The English language was fixed in the eighteenth century when Samuel Johnson produced his dictionary and spelling became standardised. However, the Simplified Spelling Society in Britain will vote shortly on the replacement of the present system of spelling, Spencer notes. Following rationalisation, the Japanese language now contains some 2,000 symbols, while the rest of the words are phonetic, he says. Spencer favours similar changes for English. "We can't change the most common words," he says. In the English language, "we have about 1,000 words which can be rote learned". If students learned ten words each day, as they do in Japan, they would quickly be able to cope with the difficult spellings. "Everything else should shift to phonetic spelling." In English, "teaching children phonetics doesn't work, but it does for children in Turkey. If we reconstructed the language, at one stroke, we would make reading difficulties much less common."
In bilingual families, where children find reading in English a problem, parents should encourage their children to read in the other language. "They can often make rapid progress and this gives them a lot of self-confidence," he says. * Ken Spencer is an educational technologist, studying the technology of education rather than technology in education. Teaching he says is a very inefficient process, simply because so many children fail at school.
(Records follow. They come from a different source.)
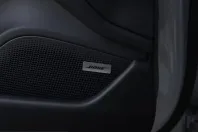 Porsche Taycan din 2024 cu 13.733 km - oferta POR207786 - foto 15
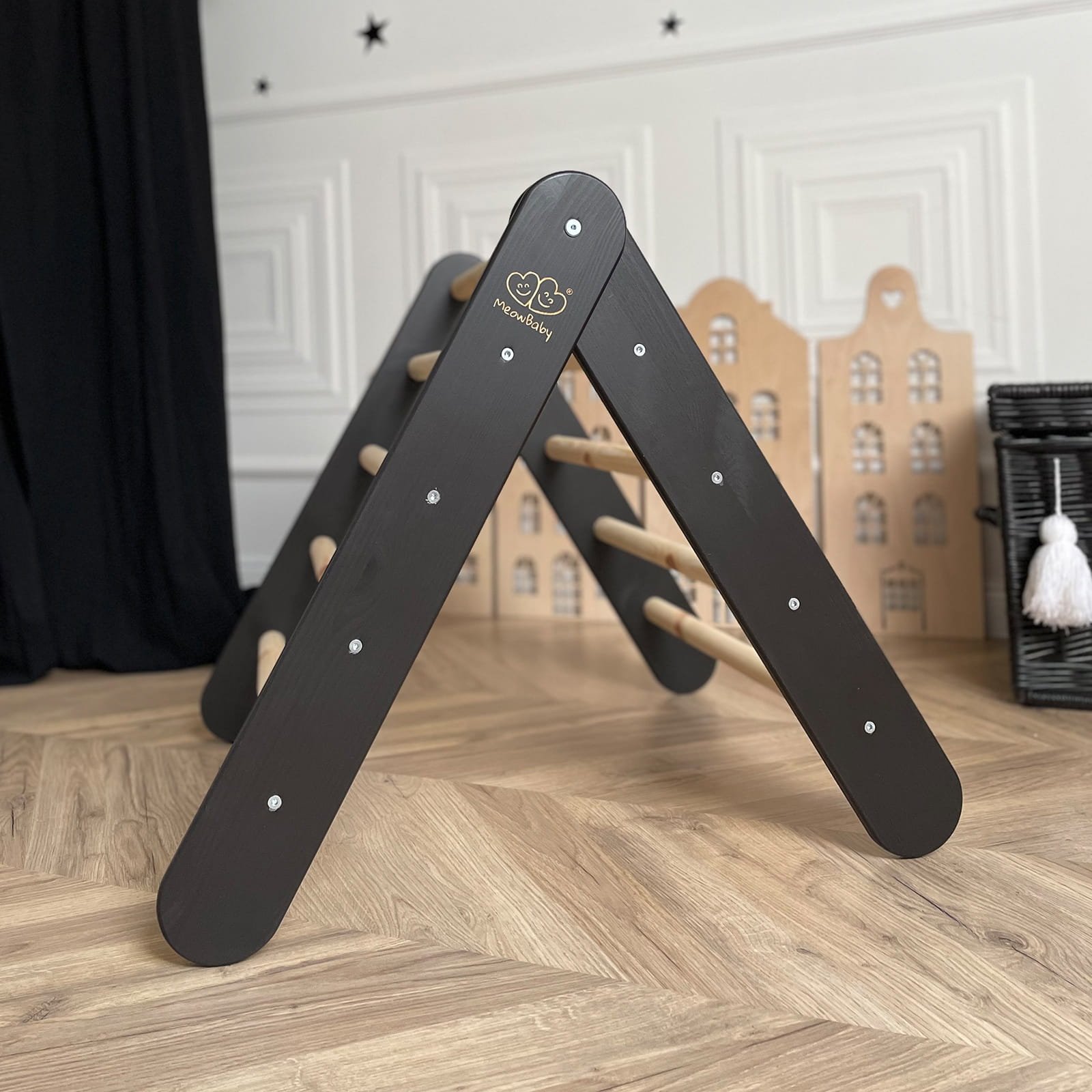 Montessori, pikler, laipiojimo trikampis, karstynė, medinis laipiojimo trikampis, čiuožykla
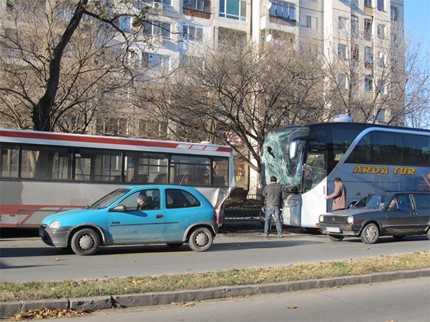 Трима души са пострадали при катастрофа между автобус на градския транспорт и две коли в София
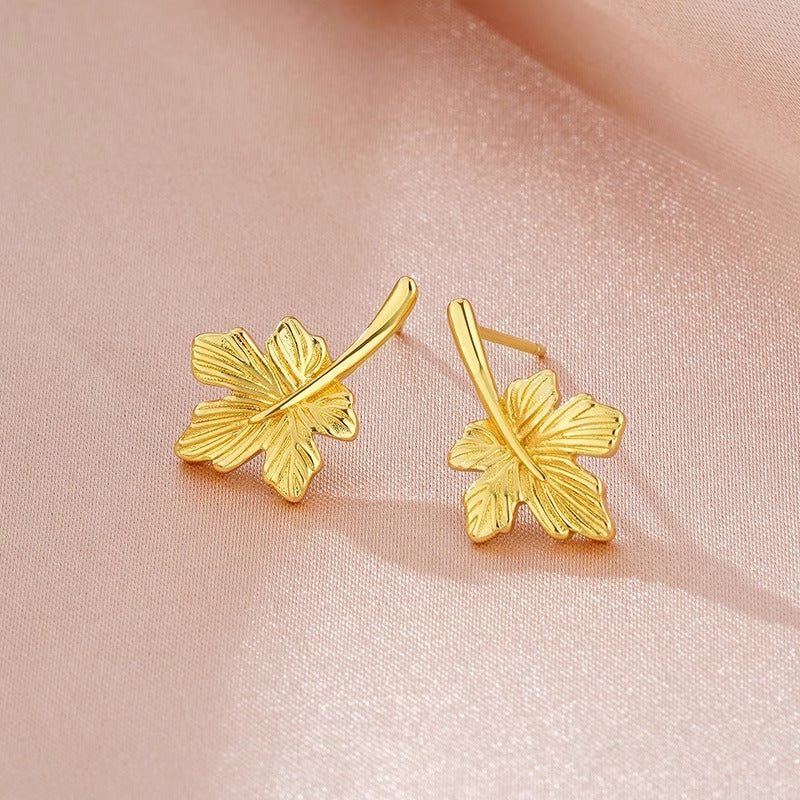Romantic Gold Earring for Special Moments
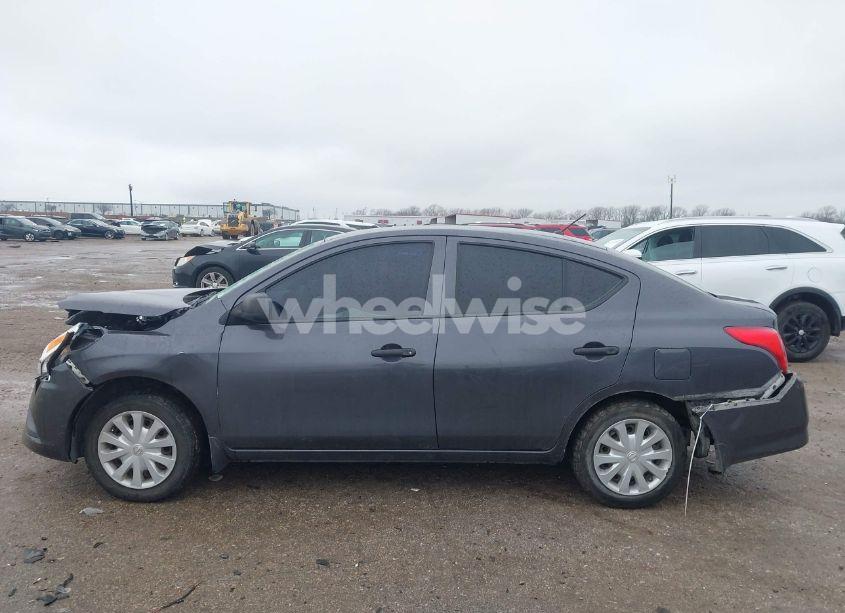 Photo 14 of 2015 Nissan Versa 1.6 S (VIN 3N1CN7AP2FL955156)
Spencer looks at what can be done to boost performances. He is an adherent of mastery learning.
"There's a huge amount of evidence to show that you can take a student whose performance is average, and turn him or her into a top performing student." What, then, is mastery learning? "Most courses are broken down into three teaching units," Spencer explains. "To understand units 2 and 3, you need to understand unit 1." Children who have difficulty mastering the first unit flounder in the later units. As a result, they can lose interest in school and even drop out. Mastery learning ensures that children have mastered unit 1 before they move on to unit 2. "You need to give a test which requires students to be at least 80 per cent correct. If it's 90 per cent plus, so much the better," he says. "Students who don't meet the criterion level have to spend extra time on unit 1."